Da dirigente azzurro è stato Campione del Mondo nel 2006. In serie A ha realizzato 156 reti in 289 partite, con una media gol di più di una rete ogni due gare (più precisamente 0,54 gol a partita – come Beppe Signori – meglio come media, tra quelli che lo precedono come reti realizzate, hanno fatto solo Gunnar Nordahl, Giuseppe Meazza e Gabriel Batistuta). Ha ricevuto il Collare d’Oro, massimo riconoscimento sportivo in Italia. Nonostante tutto, Riva è sempre stato lo stesso. Solitario, ombroso: lo stesso ristorante da una vita, le stesse persone, gli stessi incontri, le stesse azioni quotidiane, da quando abbandonò il calcio giocato e poi, quello da dirigente.
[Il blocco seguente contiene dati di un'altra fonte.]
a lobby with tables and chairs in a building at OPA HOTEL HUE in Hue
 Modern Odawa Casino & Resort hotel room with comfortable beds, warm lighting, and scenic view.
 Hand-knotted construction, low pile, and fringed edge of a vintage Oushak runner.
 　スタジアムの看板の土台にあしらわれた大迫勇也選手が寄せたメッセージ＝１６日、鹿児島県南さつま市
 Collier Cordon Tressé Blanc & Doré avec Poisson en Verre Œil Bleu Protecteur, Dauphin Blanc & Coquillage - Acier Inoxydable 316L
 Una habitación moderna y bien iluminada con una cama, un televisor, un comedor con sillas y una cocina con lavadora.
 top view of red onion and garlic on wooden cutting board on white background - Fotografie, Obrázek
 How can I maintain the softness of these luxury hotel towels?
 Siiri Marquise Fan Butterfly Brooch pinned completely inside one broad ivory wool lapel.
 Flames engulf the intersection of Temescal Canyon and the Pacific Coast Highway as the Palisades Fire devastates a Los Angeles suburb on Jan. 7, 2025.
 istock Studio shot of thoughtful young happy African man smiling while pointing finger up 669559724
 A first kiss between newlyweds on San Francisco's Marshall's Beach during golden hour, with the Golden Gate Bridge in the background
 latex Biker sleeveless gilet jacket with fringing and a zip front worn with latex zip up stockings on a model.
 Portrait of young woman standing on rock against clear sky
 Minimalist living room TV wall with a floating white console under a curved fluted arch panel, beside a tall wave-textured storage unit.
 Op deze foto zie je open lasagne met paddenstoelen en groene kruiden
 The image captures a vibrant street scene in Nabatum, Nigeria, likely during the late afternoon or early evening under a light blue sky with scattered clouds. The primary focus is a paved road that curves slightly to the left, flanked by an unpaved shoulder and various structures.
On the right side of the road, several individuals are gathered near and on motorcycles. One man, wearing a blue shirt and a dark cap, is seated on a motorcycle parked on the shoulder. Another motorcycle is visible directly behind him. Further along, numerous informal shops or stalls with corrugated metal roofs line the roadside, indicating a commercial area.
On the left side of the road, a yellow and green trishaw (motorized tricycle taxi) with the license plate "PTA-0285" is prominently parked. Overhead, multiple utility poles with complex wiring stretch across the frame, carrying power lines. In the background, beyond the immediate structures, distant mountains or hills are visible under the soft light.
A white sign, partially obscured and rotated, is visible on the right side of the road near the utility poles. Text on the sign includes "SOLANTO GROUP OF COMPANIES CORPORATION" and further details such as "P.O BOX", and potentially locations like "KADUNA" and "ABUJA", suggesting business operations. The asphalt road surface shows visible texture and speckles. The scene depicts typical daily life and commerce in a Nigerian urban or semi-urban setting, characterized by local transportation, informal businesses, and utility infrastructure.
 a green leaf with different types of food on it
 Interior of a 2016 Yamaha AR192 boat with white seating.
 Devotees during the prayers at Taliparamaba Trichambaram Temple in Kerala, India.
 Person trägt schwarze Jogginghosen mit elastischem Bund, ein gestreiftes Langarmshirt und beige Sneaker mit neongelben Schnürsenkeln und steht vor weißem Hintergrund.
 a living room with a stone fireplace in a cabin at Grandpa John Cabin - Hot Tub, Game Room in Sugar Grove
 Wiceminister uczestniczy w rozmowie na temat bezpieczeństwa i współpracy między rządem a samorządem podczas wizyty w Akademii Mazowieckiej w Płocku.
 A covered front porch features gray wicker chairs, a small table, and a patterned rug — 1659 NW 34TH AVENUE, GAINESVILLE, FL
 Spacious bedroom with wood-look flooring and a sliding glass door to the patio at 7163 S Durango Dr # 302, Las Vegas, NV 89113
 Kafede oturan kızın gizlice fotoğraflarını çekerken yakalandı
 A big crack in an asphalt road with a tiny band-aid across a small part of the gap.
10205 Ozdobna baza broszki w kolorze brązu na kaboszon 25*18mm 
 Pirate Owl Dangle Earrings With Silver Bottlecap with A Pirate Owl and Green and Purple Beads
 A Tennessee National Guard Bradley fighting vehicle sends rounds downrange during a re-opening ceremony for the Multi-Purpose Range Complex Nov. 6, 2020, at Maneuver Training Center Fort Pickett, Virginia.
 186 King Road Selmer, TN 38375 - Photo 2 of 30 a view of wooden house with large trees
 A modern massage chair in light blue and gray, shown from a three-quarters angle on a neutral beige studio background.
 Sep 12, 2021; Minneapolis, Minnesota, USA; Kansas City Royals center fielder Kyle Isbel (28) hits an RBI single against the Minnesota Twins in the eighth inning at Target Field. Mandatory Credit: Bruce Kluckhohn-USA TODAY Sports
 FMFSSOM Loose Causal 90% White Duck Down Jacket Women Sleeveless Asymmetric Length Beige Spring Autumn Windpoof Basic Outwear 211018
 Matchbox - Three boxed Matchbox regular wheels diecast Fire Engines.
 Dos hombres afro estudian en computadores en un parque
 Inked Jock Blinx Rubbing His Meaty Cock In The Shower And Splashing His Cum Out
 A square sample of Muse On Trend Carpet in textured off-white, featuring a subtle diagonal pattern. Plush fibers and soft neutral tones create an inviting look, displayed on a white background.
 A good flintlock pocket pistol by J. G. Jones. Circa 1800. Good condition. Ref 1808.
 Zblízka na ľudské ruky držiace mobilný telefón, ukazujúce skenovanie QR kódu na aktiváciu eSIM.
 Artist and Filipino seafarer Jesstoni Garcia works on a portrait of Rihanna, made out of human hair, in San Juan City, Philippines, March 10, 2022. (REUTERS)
Quando da bambino guardavo le sue foto rimanevo incantato: la sua elevazione, i suoi movimenti in campo ricordavano quelli di un eroe omerico, così diverso dai giocatori attuali. Più avanti scoprii anche che quell’uomo aveva avuto un’infanzia difficile (perse i genitori giovanissimo) e che soprattutto aveva un cervello, una dignità, un pensiero che andavano ben al di là delle semplici giocate calcistiche. Quell’uomo era un lombardo diventato sardo. Rispettoso, vicino ai bisogni di un popolo, quello isolano, che non ha mai avuto tantissimi motivi per essere felice. Povero da ragazzo, non si dimenticò mai delle sue origini. Per questo rimase sempre, da giusto, dalla parte dei deboli, dei bisognosi, delle persone senza ambizioni (lui stesso, al di là del personaggio, era una persona senza grandi ambizioni). Un uomo. Quando arrivò giovanissimo (e tifoso interista), in un aeroporto di Elmas che assomigliava più ad una pista di atterraggio per ultraleggeri, nel 1963 pensò subito di scappare. Precedentemente aveva giocato solo con il Laveno Mombello, sul lago Maggiore, squadra del paese che si trovava accanto al suo (Leggiuno), dove faceva anche il meccanico, e con il Legnano, in serie C. Non se ne andò mai più. Non ascoltò mai le sirene delle grandi squadre che avrebbero fatto follie per averlo. Ha sempre voluto il Cagliari. E così è stato. Sino alla fine.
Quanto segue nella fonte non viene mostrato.